The dada-Surrealist vision was reborn and found new life amongst rock artists who successfully excited a mass appeal for blues/R&B-based music that delivered a message of play via the burgeoning mass media of records and concerts. Dylan and the Beatles revisited Arp, Valéry and Rimbaud. Jim Morrison and the Doors brought a sense of séance ritual to the rock concert, as Jimi Hendrix evoked surreal and fearlessly playful sex voodoo. Frank Zappa with his Mothers of Invention satirized and ridiculed the media culture while slyly building an awesome oeuvre of 20th century composition.
All of the above exceeded the popular impact of their dada-Surrealist forebears. But as the Beats reintroduced play in art through poems like Ginsberg’s Howl or Jack Kerouac’s stream-of-consciousness, or Neal Cassady’s protean talents (managing to BE the link. He was a main character in Kerouac’s, Kesey’s, and the Grateful Dead’s lives), the Dead grabbed the baton and pushed the cultural possibilities for all they were worth. Their audiences enthusiastically hopped on for the ride, and the idea of music as a collective experience, as communitas, was viscerally in evidence, and spawned an entire subculture. Fans would follow the band from city to city, and buy tickets for consecutive performances. It was all for the cultural event, the music, the end of notes and the sense of possibility that unfolded.
This intensity was perhaps excited by the use of psychedelics amongst Deadheads. Certainly it traced to the Ken Kesey acid tests,[5] where the Dead’s style was born. There, they laid out a lexicon of group improvisation, and subsequently they took the rock concert format and utilized it to expand their consciousness-altering brand of musical play. During their concerts, the audience could experience the aforementioned groupmind, not unlike the state of shared conversations described by David Bohm (1990), who brings the play principle to spoken dialogue. And the musicians were particularly talented and idiosyncratic. With Garcia’s and the band’s 1995 demise,[6] we find ourselves fortunate yet stymied by the awesome challenge of following and leading that energy to its next social context.
Here was a budding possibility for a social order deeply influenced by the spirit and actions of Original Play. In a very real sense, Grateful Dead concerts were prototypical models of a play society that, if they did not sustain a community (this could be debated), nonetheless made inarguable suggestions for a more liberated existence.

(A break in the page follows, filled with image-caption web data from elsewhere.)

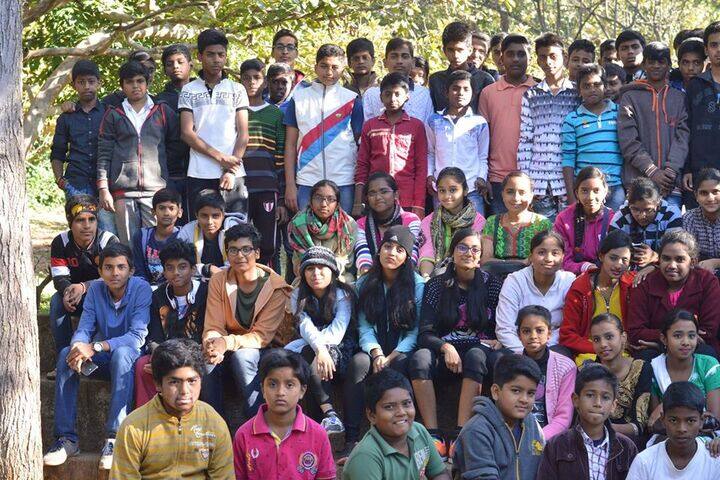 Holy Christ School-Tour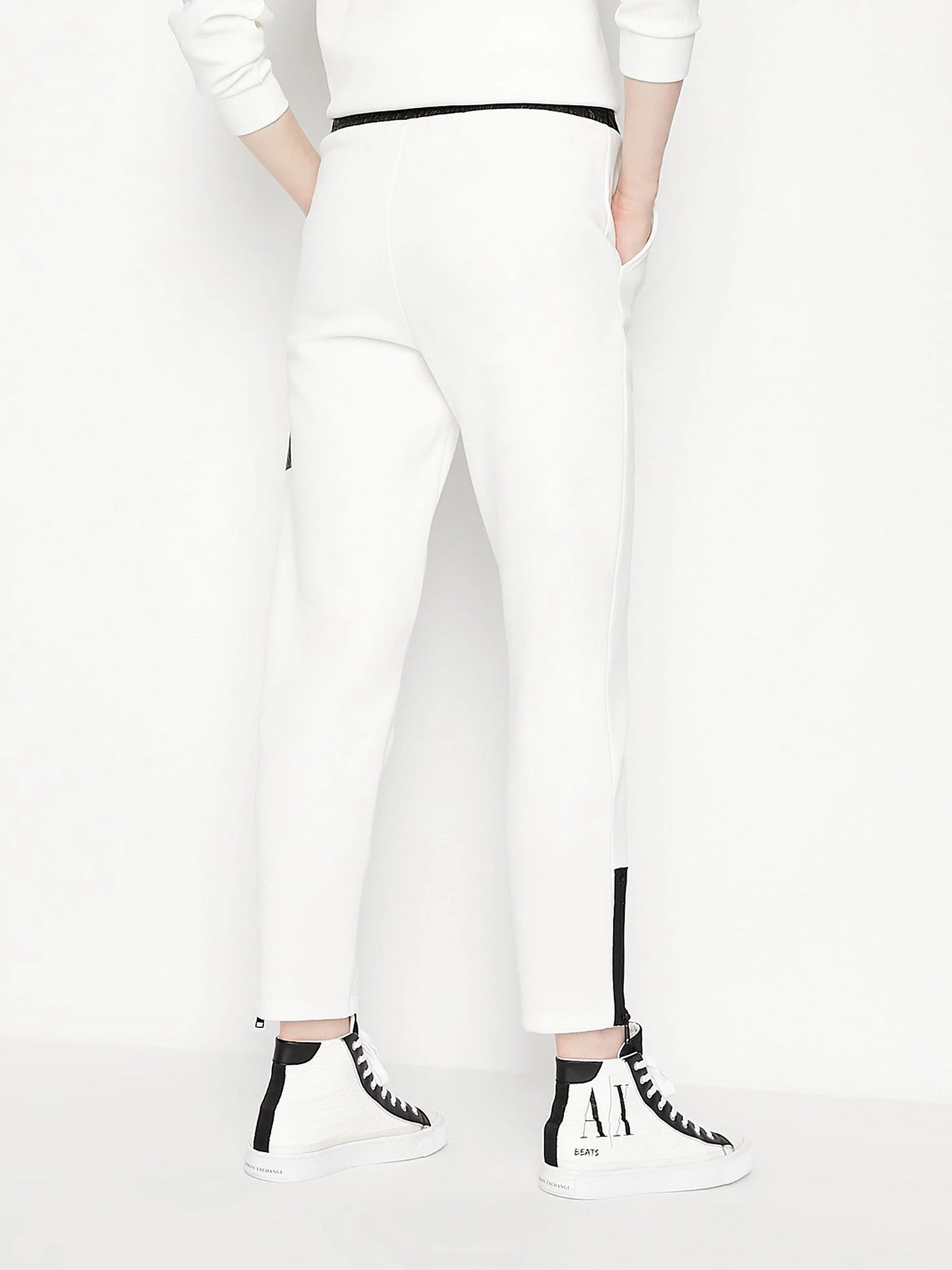 Брюки Armani Exchange модель 3LYP76-YJU1Z-1100 Брюки Armani Exchange модель 3LYP76-YJU1Z-1100 Фото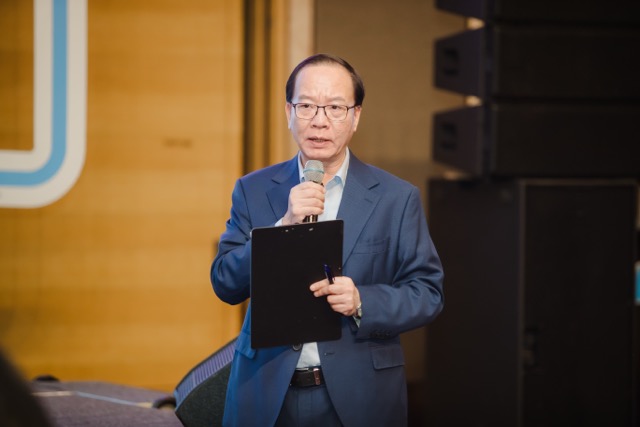TTND Trần Minh Điển, Giám đốc Bệnh viện Nhi Trung ương, Chủ tịch Hội Nhi khoa Việt Nam nhấn mạnh mức độ phổ biến và khó lường của RSV. Ảnh: BTC cung cấp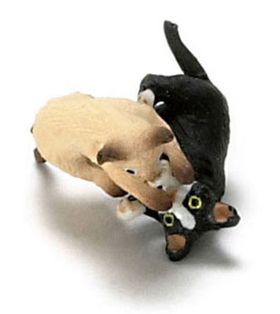 Playing Kittens Siamese Brown and Socks (0.5"H x 0.875"W x 0.25"D )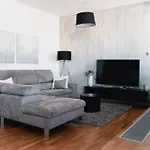 Prague Marina River View Apartment Close To City Centre Free Parking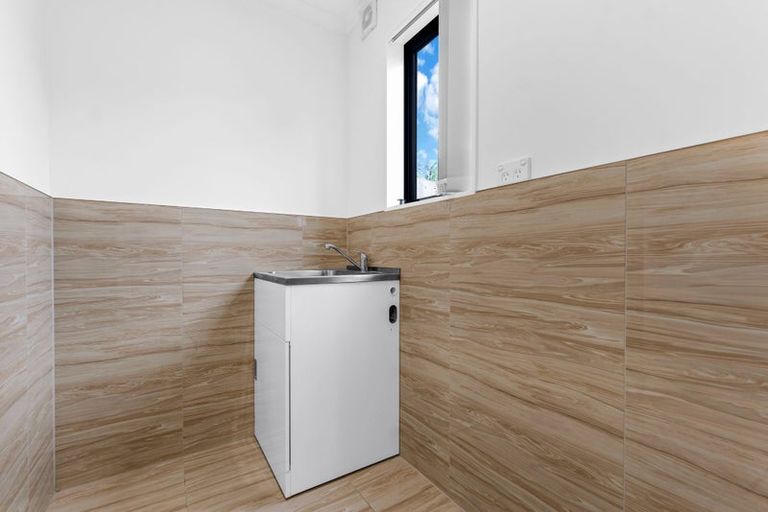 Photo of property in 7/100 Seymour Road, Sunnyvale, Auckland, 0612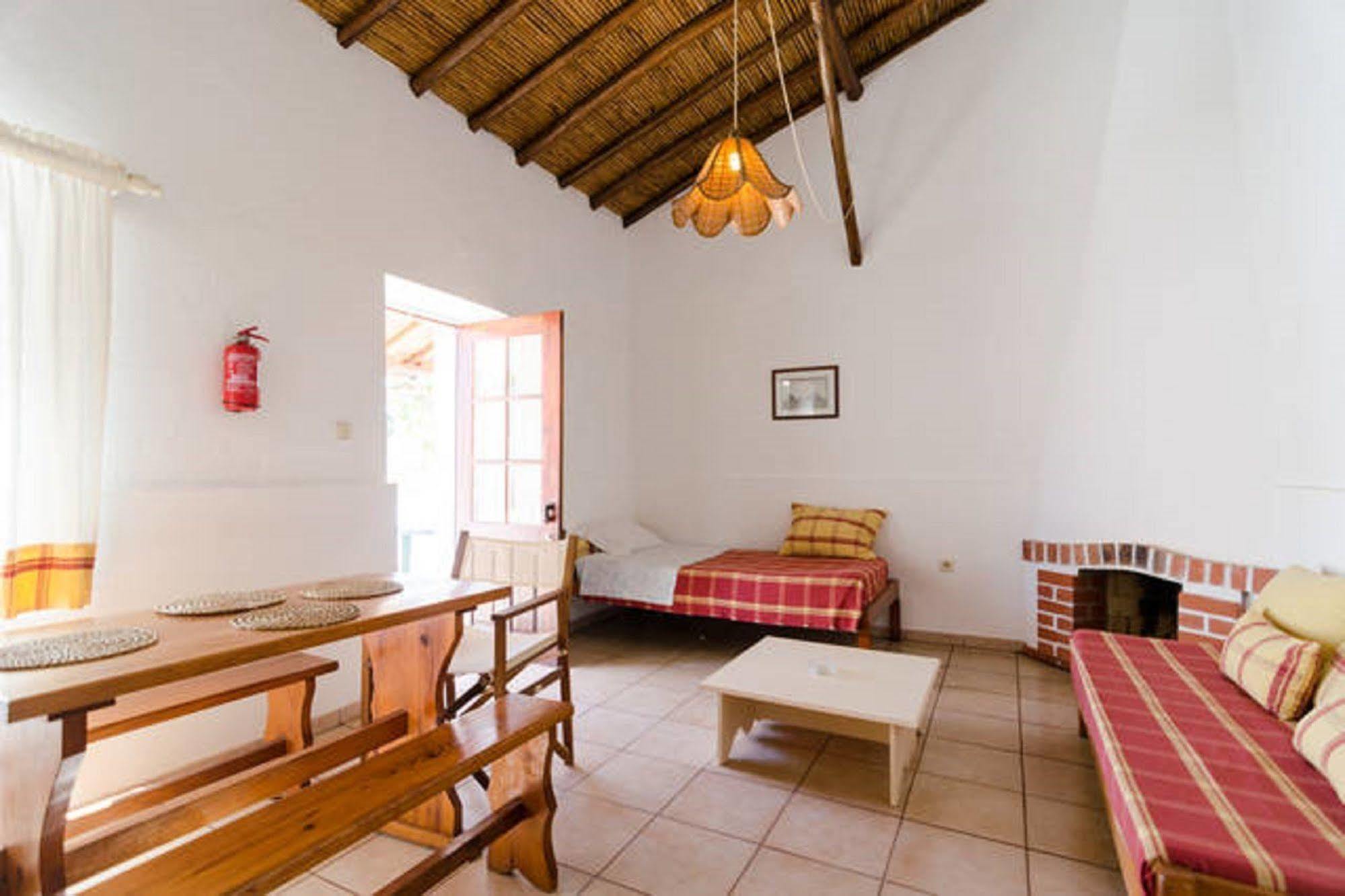 Quinta Do Lagar - By Portugalferias Guest House อัลบูเฟรา ภายนอก รูปภาพ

The Beatles made their bones in Hamburg. The Dead had the acid tests, a unique opportunity for cultural experimentation, to create a new musical tool for the synergy to come. To play. Jerry Garcia’s description in the Jeremy Marre documentary Anthem to Beauty (1997) provides a definition of play as good as any:
We were also lucky enough to have experienced the acid test, which was one of the truly democratic art forms to appear in this century. The audience didn’t come to see us; they came to experience something altogether different. So we could play or not, you know, so we had the luxury of being able to experiment freely in a situation which didn’t require anything of us. It didn’t require that we be good, it didn’t require that we repeat a song, you know, it didn’t require that we be intelligible on any level. You know, I mean, for a musician, that’s like carte blanche. That was great fun. But that acid test experience gave us glimpses into the form that follows chaos. You know, that if you throw everything out, and lose all rules, and stop trying to make anything happen on any level, other stuff starts to happen, and that became a key to the way we dealt in an interior way with our music and our own interior politics and everything. It’s part of why we’ve been able to stay together for so long. We learned important stuff there. I can’t imagine any other context which would have allowed us to learn that.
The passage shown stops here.